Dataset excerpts

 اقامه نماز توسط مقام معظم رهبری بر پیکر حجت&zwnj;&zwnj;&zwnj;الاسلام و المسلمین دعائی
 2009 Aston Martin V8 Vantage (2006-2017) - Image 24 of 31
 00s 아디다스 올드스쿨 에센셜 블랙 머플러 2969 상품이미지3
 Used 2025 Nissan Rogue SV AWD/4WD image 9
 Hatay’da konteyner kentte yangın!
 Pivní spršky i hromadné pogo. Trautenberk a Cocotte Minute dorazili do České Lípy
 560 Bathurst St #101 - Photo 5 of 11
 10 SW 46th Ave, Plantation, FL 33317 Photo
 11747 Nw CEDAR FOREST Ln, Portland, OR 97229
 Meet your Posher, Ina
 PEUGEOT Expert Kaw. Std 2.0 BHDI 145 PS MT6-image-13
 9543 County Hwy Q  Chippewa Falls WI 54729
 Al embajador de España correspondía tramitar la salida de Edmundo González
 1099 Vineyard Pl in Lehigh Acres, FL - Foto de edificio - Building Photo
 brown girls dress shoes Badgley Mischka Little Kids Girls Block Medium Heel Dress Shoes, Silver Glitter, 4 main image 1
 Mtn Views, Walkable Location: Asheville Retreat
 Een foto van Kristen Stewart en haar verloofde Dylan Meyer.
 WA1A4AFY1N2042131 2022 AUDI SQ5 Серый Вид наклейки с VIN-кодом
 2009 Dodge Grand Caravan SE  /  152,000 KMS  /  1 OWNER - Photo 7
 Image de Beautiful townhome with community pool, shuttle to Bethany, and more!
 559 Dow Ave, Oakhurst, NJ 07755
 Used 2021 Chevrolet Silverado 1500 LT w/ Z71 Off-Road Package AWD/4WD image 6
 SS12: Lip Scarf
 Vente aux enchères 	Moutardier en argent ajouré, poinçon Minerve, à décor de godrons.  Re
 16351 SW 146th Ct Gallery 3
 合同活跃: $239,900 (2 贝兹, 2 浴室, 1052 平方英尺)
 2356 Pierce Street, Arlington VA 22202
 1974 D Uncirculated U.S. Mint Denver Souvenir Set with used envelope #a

WHAT THIS TASK INVOLVES: The expected answer is every line above in which the word "Photo" appears.

RESULT:
 560 Bathurst St #101 - Photo 5 of 11
 10 SW 46th Ave, Plantation, FL 33317 Photo
 1099 Vineyard Pl in Lehigh Acres, FL - Foto de edificio - Building Photo
 2009 Dodge Grand Caravan SE  /  152,000 KMS  /  1 OWNER - Photo 7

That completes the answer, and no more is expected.